“You’re not doing anyone any favours by pretending to be nice.”
I felt like I’d been slapped in the face.
For a good girl, being nice was the ultimate compliment and a convenient cover-up to hide any God-forbidden undesirable feelings like distrust or rage.
What’s worse is that the comment was made by someone who didn’t even know me all that well. I was at a music festival, and it was one of those classic moments where people feel free to express their intuition, uninhibited by societal norms.
I had a sinking feeling that this wise older woman who’d just approached me was right.
The truth was, I was getting tired of my façade. I realized this when someone earlier that day had called me “such a nice person,” and instead of feeling gratitude, I felt a simmering rage inside.
I had dug myself a hole and didn’t know how to get out.
I was stuffing my shadow in the closet and, therefore, couldn’t show people my whole self, which left me feeling frustrated most of the time. I blamed others for not seeing me the way I wanted to be seen, instead of doing the internal work of learning how to accept those parts of myself.
If I had been able to do so, I wouldn’t have needed their approval in the first place.
Undoing the nice agenda has taken me years—decades. In fact, it wasn’t until I became a mother in 2020 that I truly began to let go of the need to be nice.
Now, I even allow myself the opposite—to be disliked.
For good girls, this is a pivotal moment—when you are not only willing to let go of the need for people’s approval, but you are willing to face their disapproval as well.
The unfortunate thing about being nice is that it doesn’t always get you what you want.

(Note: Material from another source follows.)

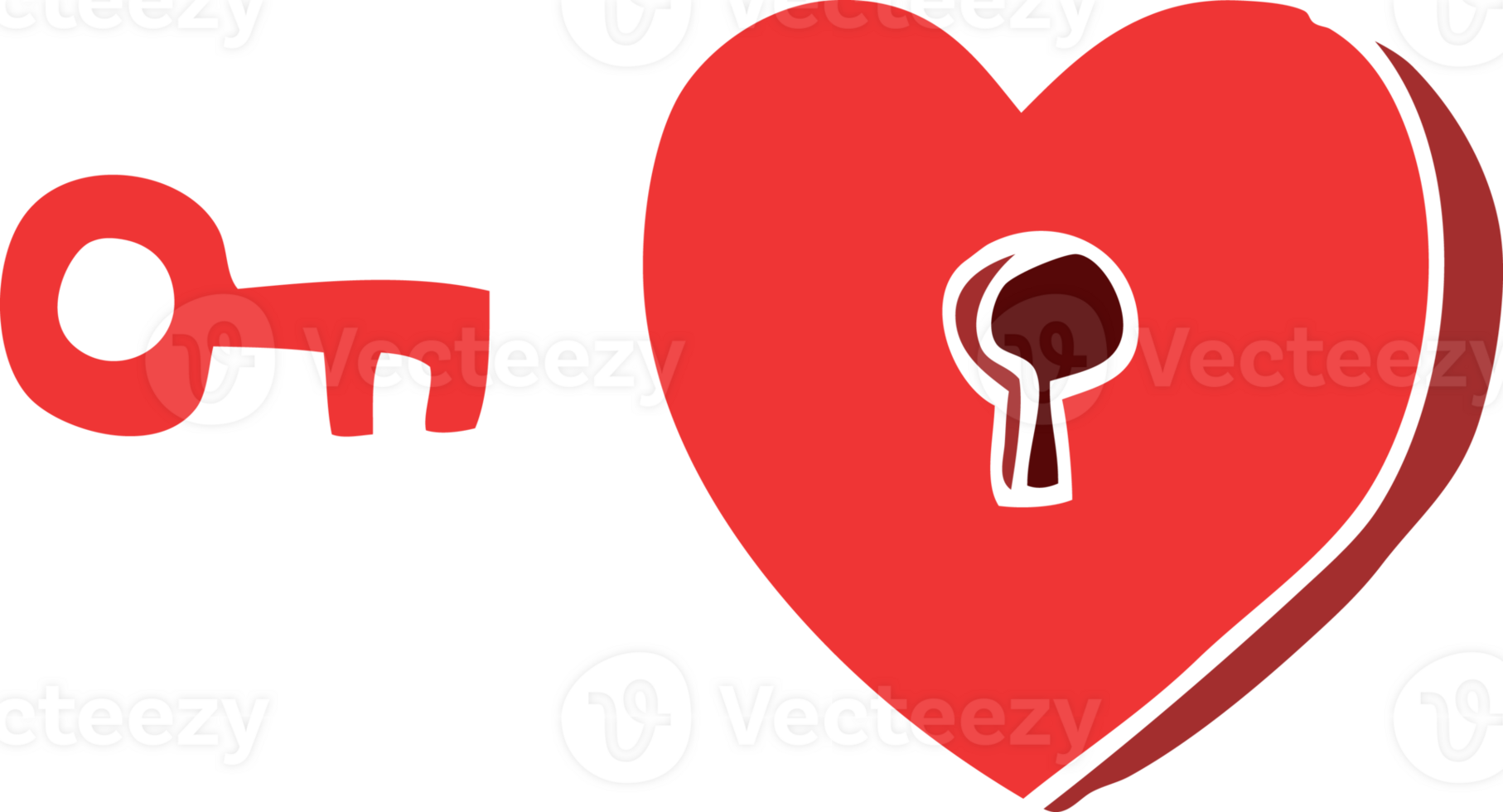 cartoon doodle heart and key png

Girls have been historically taught the opposite though. From a young age, they are encouraged to stay quiet and be well-mannered and well-spoken.
Maybe (hopefully), not as much today. But as they get older, they realize that the world is still run by men, and that to get what you want, at some point, you have to play nice.
Playing nice and being nice are not the same thing though.
And one of the biggest lessons I have learned, thanks to that woman in the desert pointing it out, is that people can usually smell inauthenticity a mile away.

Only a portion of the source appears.